DATA SUPPLIED>
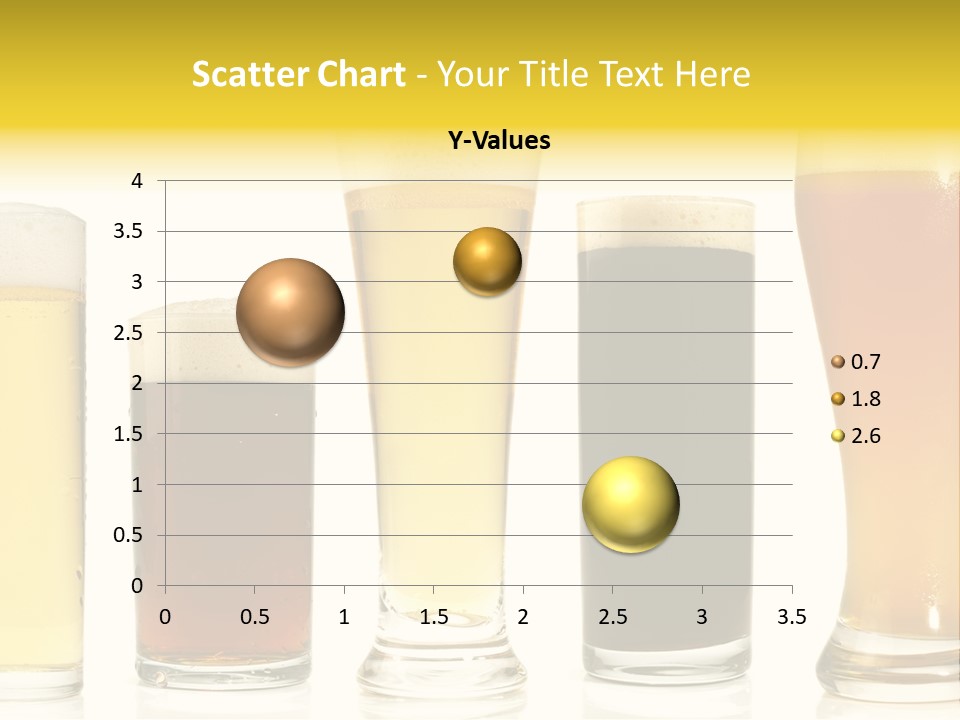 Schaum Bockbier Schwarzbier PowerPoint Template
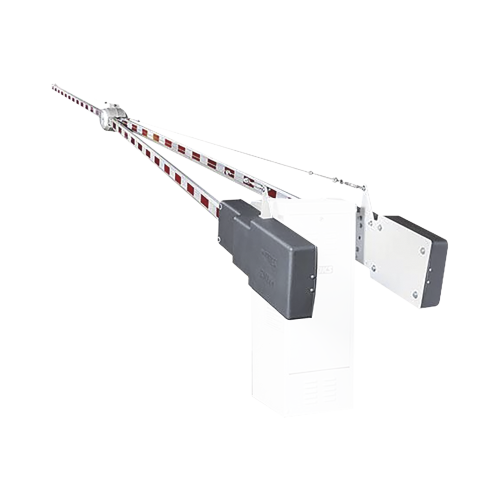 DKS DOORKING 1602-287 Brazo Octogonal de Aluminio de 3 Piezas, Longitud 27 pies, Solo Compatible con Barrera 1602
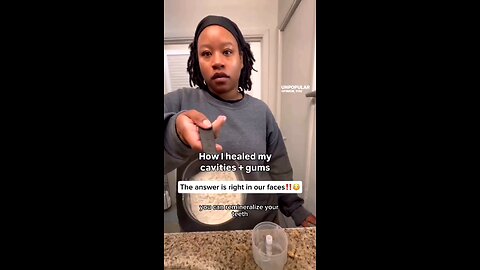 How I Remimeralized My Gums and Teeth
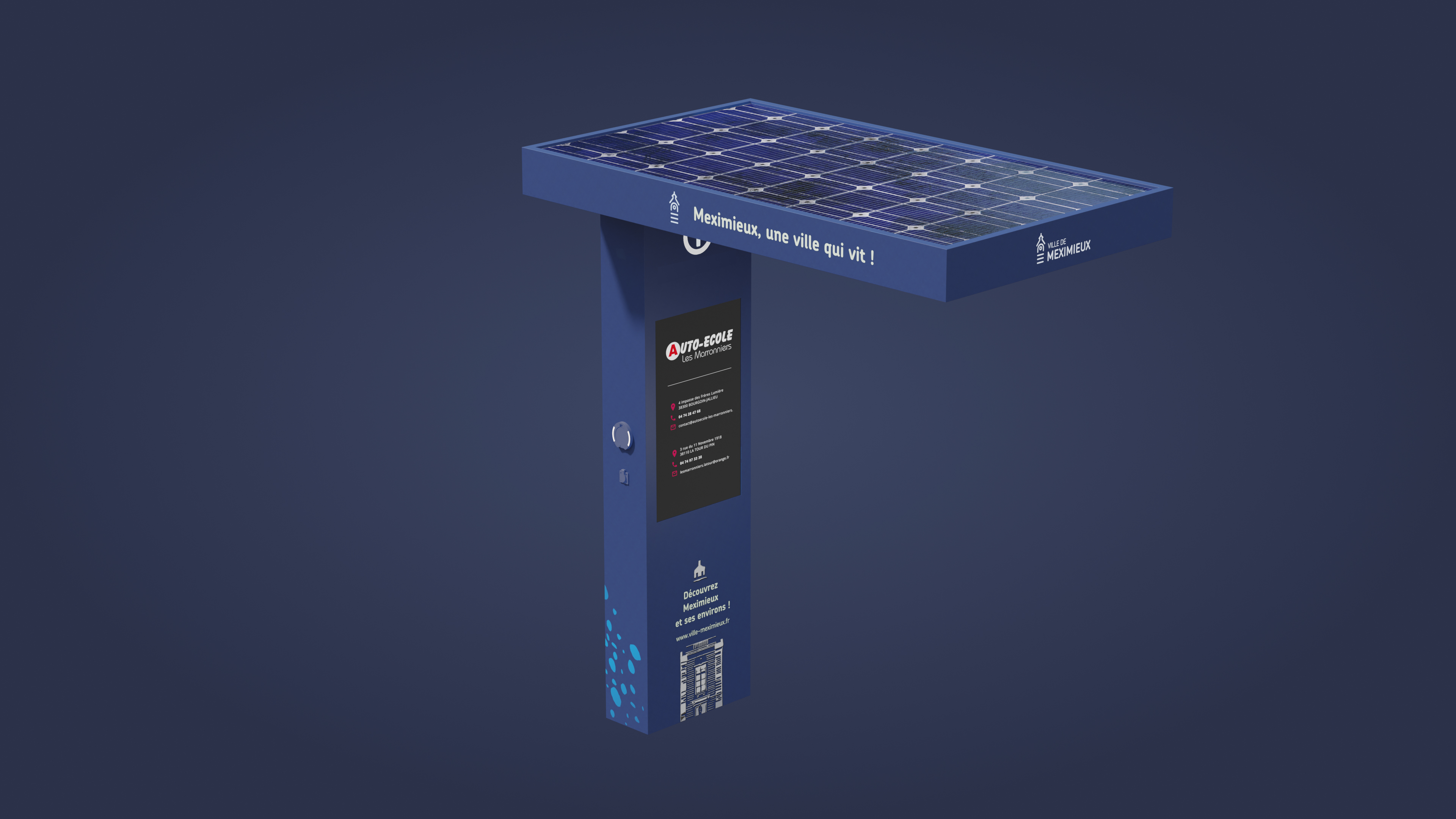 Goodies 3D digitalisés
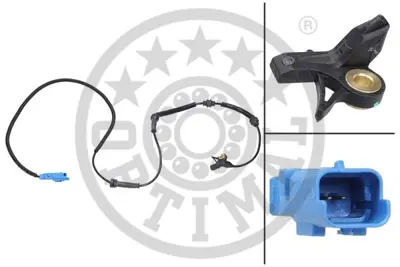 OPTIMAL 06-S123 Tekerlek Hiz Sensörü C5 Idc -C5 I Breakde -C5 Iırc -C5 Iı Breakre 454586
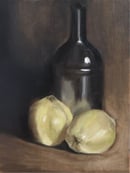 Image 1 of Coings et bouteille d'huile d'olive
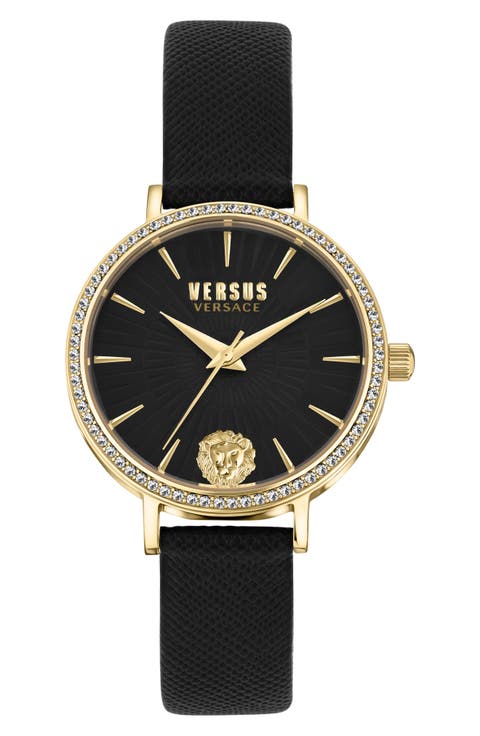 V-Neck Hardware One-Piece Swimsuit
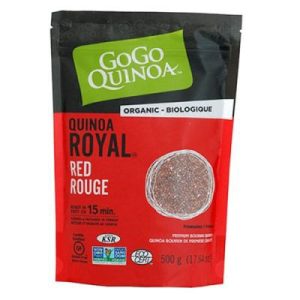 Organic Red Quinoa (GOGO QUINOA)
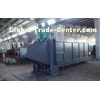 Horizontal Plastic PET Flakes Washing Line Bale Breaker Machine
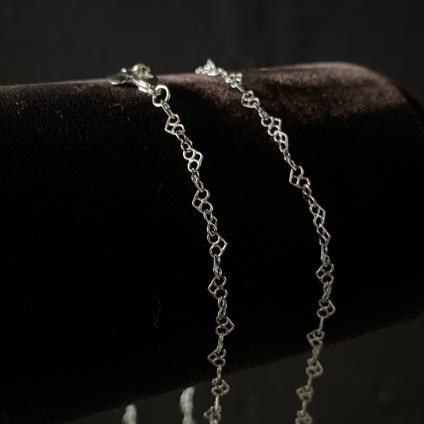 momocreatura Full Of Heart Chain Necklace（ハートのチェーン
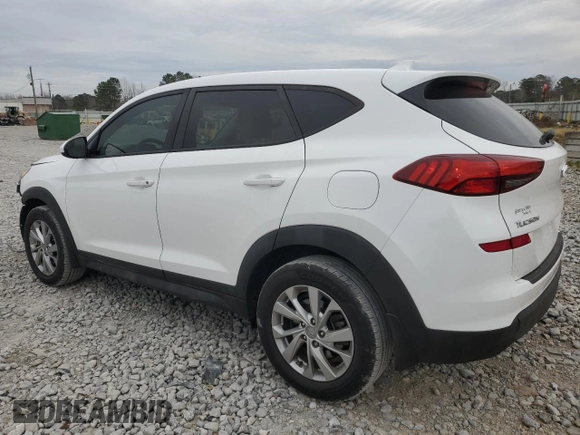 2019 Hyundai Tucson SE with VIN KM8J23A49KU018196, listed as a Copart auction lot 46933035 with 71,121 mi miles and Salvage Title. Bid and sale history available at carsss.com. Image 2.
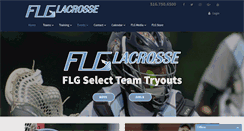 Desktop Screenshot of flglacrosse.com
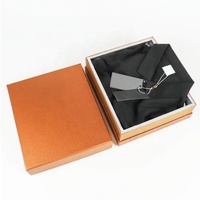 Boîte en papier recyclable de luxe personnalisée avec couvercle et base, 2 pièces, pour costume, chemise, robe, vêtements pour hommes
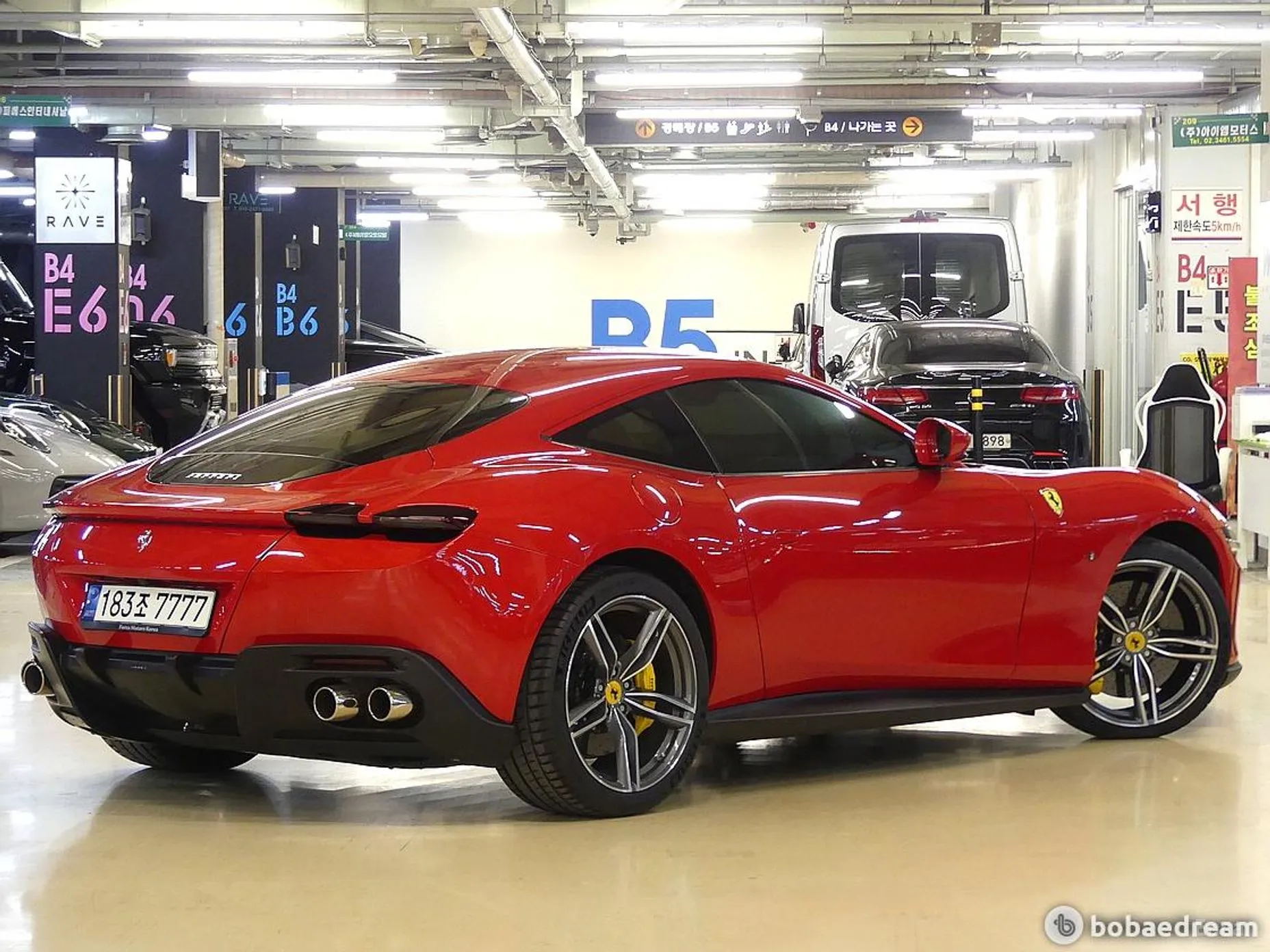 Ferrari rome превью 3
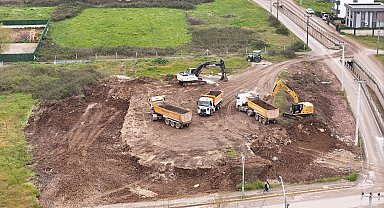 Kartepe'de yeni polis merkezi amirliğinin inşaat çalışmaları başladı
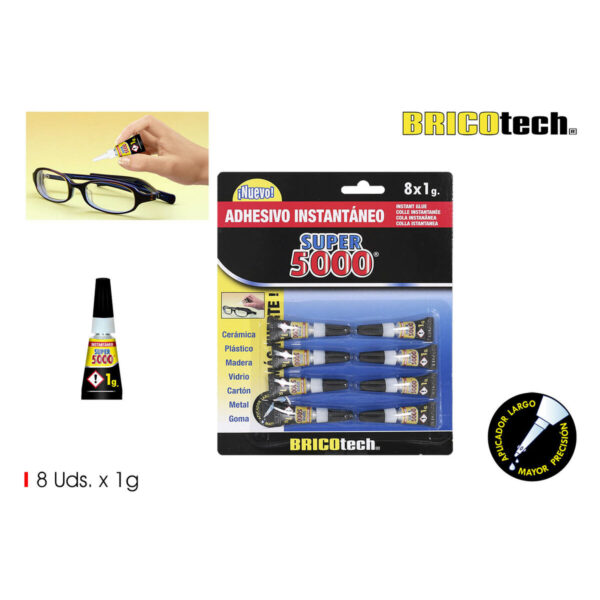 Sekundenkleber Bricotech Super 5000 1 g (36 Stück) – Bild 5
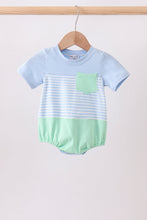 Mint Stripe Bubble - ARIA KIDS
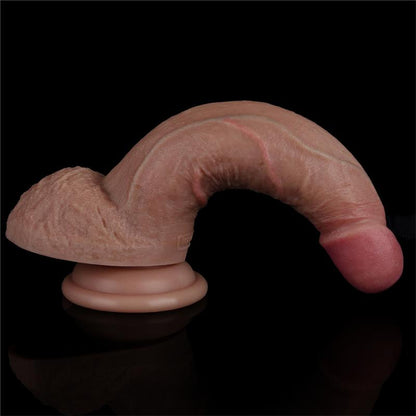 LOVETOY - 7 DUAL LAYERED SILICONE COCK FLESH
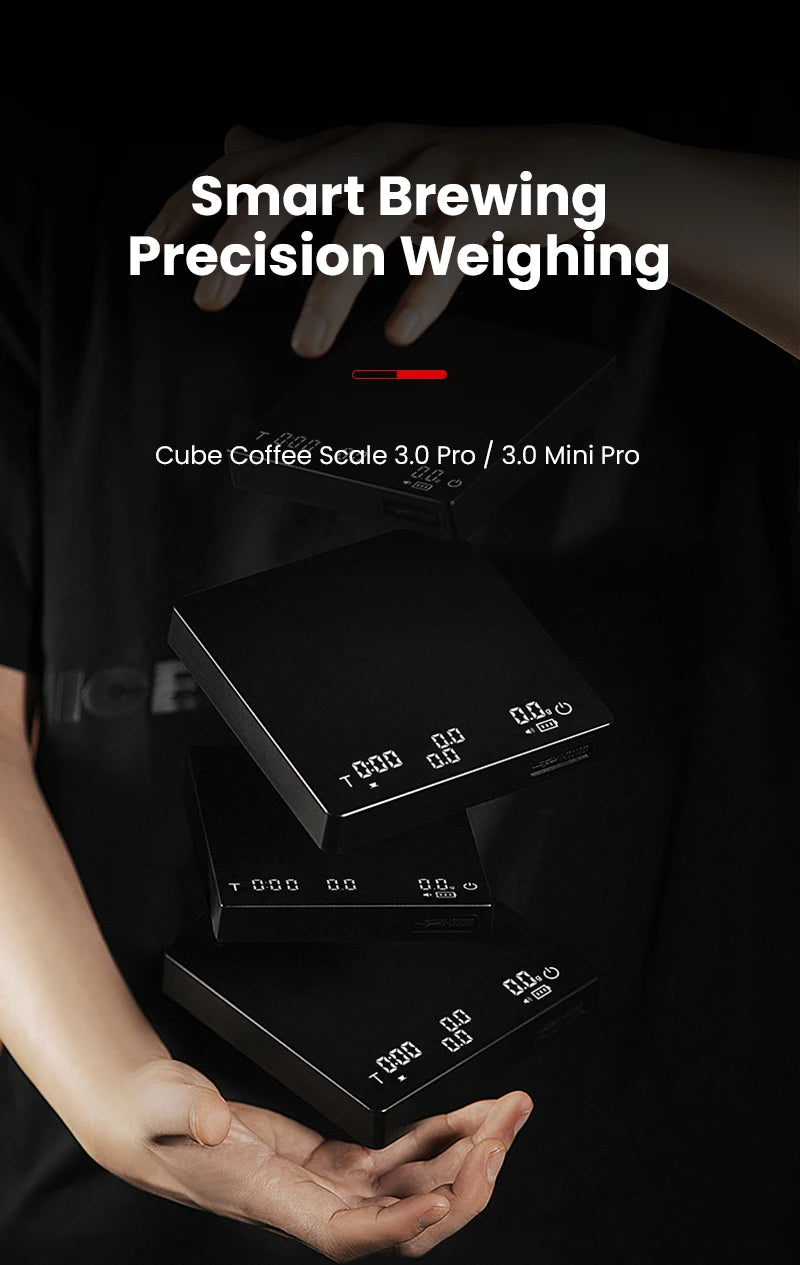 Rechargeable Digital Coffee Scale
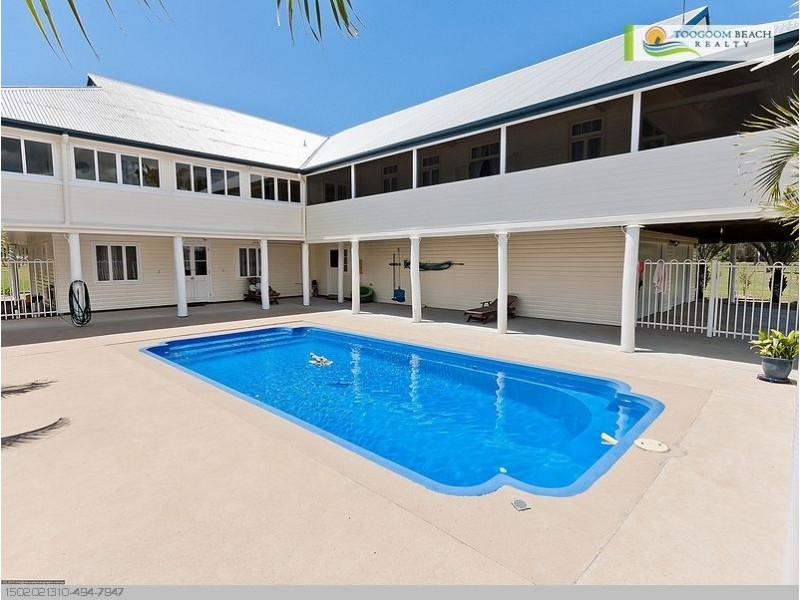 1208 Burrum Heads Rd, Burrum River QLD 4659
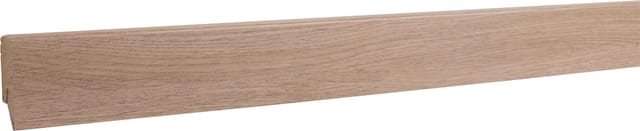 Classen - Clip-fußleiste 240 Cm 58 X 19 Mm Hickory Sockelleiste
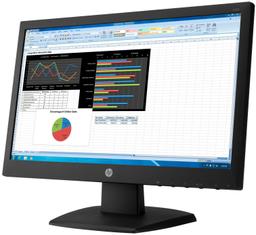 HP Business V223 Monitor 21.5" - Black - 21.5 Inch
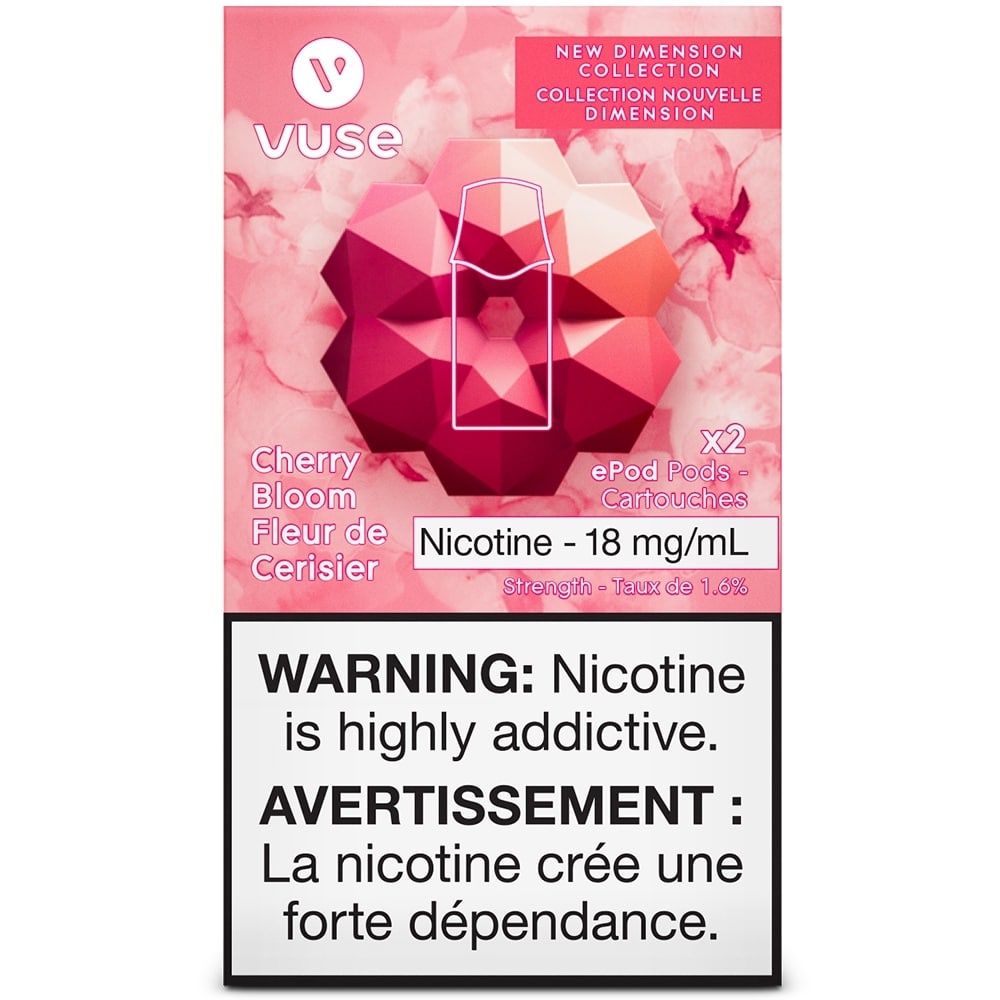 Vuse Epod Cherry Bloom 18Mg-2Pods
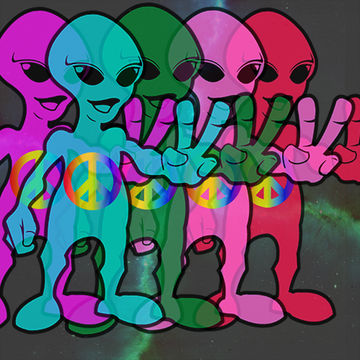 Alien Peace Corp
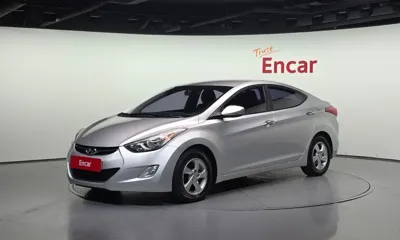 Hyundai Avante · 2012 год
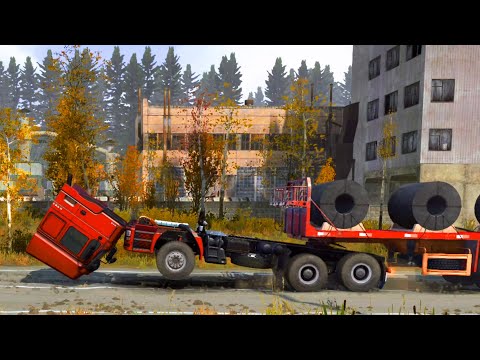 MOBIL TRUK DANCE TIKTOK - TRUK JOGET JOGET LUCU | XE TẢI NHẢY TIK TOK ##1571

WORK REQUIRED> Within the material above, find the part that opens with the line containing "momocreatura Full Of" and closes with the line containing "Sekundenkleber Bricotech Super", and reproduce it exactly without the pictures.

WRITTEN RESPONSE>
 momocreatura Full Of Heart Chain Necklace（ハートのチェーン
 2019 Hyundai Tucson SE with VIN KM8J23A49KU018196, listed as a Copart auction lot 46933035 with 71,121 mi miles and Salvage Title. Bid and sale history available at carsss.com. Image 2.
 Desktop Screenshot of flglacrosse.com
 Boîte en papier recyclable de luxe personnalisée avec couvercle et base, 2 pièces, pour costume, chemise, robe, vêtements pour hommes
 Ferrari rome превью 3
 Kartepe'de yeni polis merkezi amirliğinin inşaat çalışmaları başladı
 Sekundenkleber Bricotech Super 5000 1 g (36 Stück) – Bild 5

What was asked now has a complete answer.